The deficit, more than triple the $3.6 billion in the previous year, "puts at risk the agency's ability to continue to protect pensions in the future," Executive Director Steven Kandarian said in a statement.
In recent years, the PBGC has had to absorb the pension obligations of scores of companies, including major steel makers and airlines, that have filed for bankruptcy.
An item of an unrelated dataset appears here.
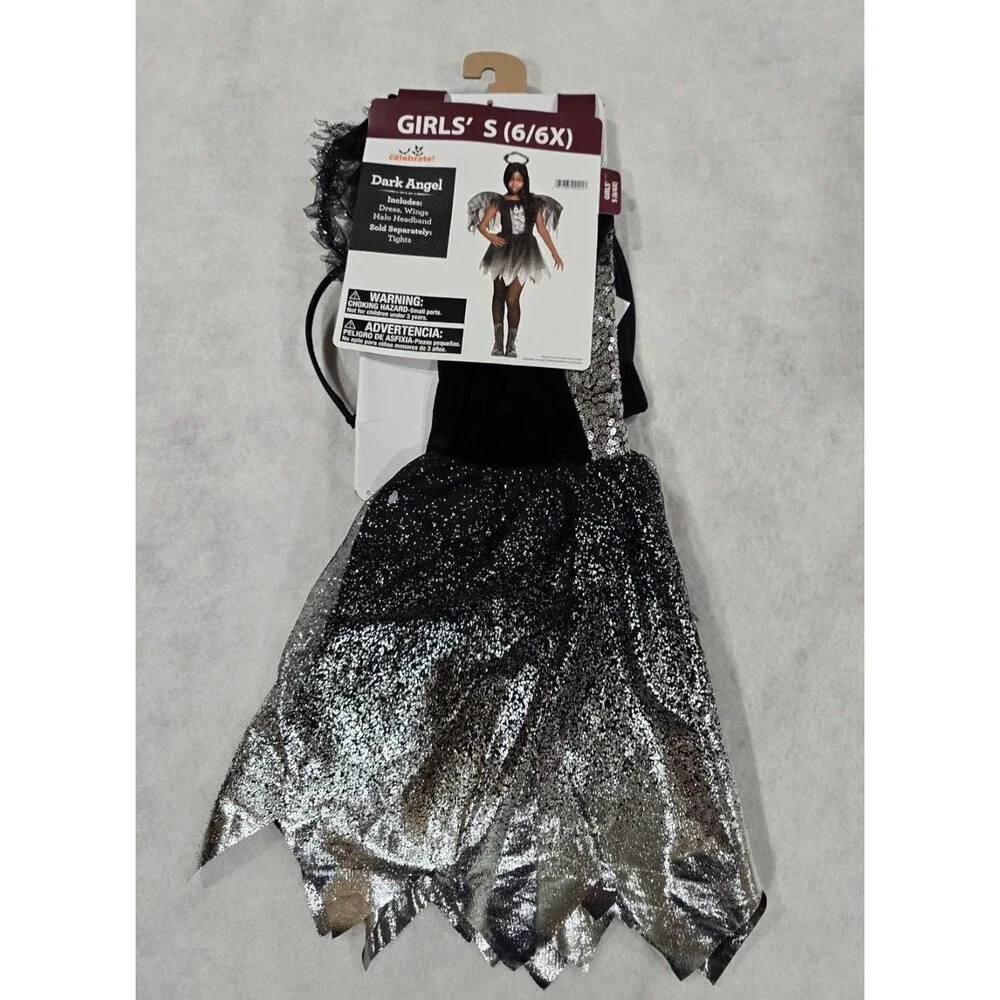Dark  Angel Costume Girls' S (6/6X) Gothic Angel Halloween Costume LG  Wings
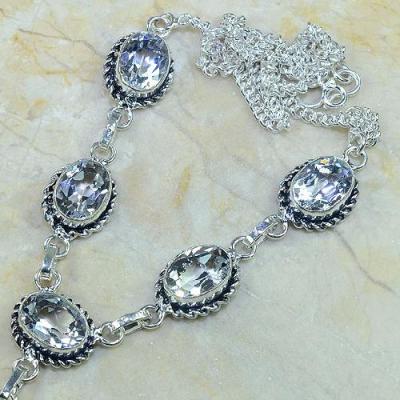 Tpz 003a collier parure sautoir topaze blanche bijou argent 925 vente achat 1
Last year, the number of people owed or receiving guaranteed benefits rose to 934,000 from 783,000.
Last year, the General Accounting Office, a congressional watchdog agency, said the burdens are growing so quickly that "the program's long-term financial viability is in doubt."
At a House hearing last fall, Kandarian warned that "if companies do not fund the pension promises they make, someone else will have to pay either workers in the form of reduced benefits, other companies in the form of higher PBGC premiums, or taxpayers in the form of a PBGC bailout."
The PBGC is funded privately with the insurance premiums paid by companies sponsoring pension plans. While it has enough cash to make benefit payments for the pension plans it already has taken over, its long-term prospects are dimming as obligations grow.
The agency's precarious financial position recalls the savings and loan crisis. Between 1986 and 1995, 1,043 thrifts failed, overwhelming the resources of the Federal Savings and Loan Insurance Corp. By 1999, taxpayers had shelled out roughly $124 billion to back up commitments made to insured depositors at bankrupt institutions.
In the private pension system, employers must set aside money that can be invested to keep pace with pension obligations. During the 1990s, when the stock market was shooting up, pension funds grew rapidly.
Over the past three years, corporate pension funds have been battered by stock market losses, lower corporate earnings, an increase in retirees, and low interest rates that reduced fund earnings and forced them to make larger cash contributions.
The PBGC has estimated the pension system is underfunded by more than $350 billion. For the past year, Congress has been considering making changes to the system. Last year, the House approved a bill that would correct a quirk in how the government calculates pension requirements.